MATERIAL PROVIDED →
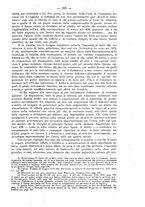 giornale/TO00195065/1926/unico/00000891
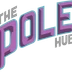 The Pole Hub Maidenhead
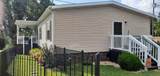 5444 Somerset Road - Photo 12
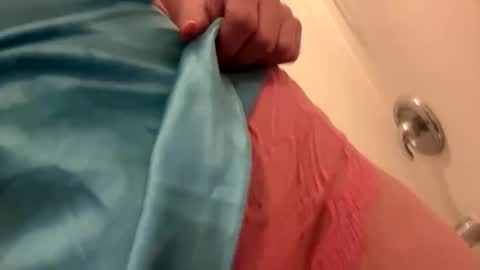 Snapshot of sporegeous chatting on 11, 2, 2026 sporegeous online show from 11, 2, 2026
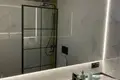 Appartement 2 chambres 54 m² Tbilissi, Géorgie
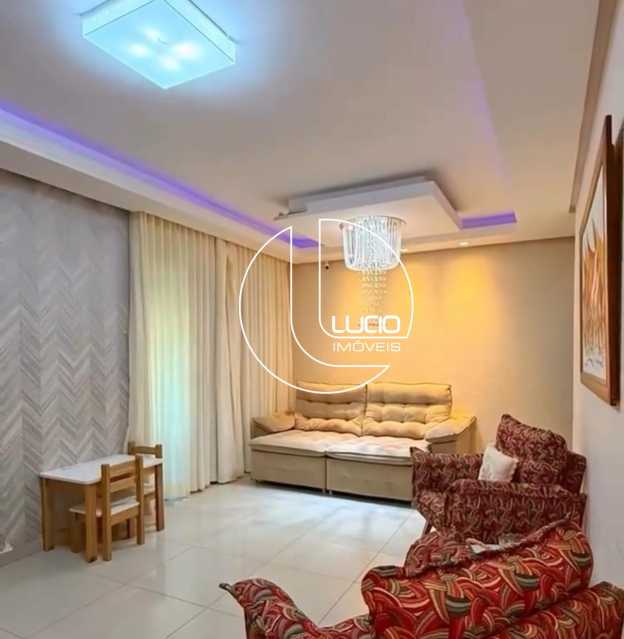 WhatsApp Image 2025-12-09 at 0 - 2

TASK BRIEF → Only the lines from the one containing "Snapshot of sporegeous" through the final line of the data should be given again, exactly and without pictures.

RESPONSE BOX →
 Snapshot of sporegeous chatting on 11, 2, 2026 sporegeous online show from 11, 2, 2026
 Appartement 2 chambres 54 m² Tbilissi, Géorgie
 WhatsApp Image 2025-12-09 at 0 - 2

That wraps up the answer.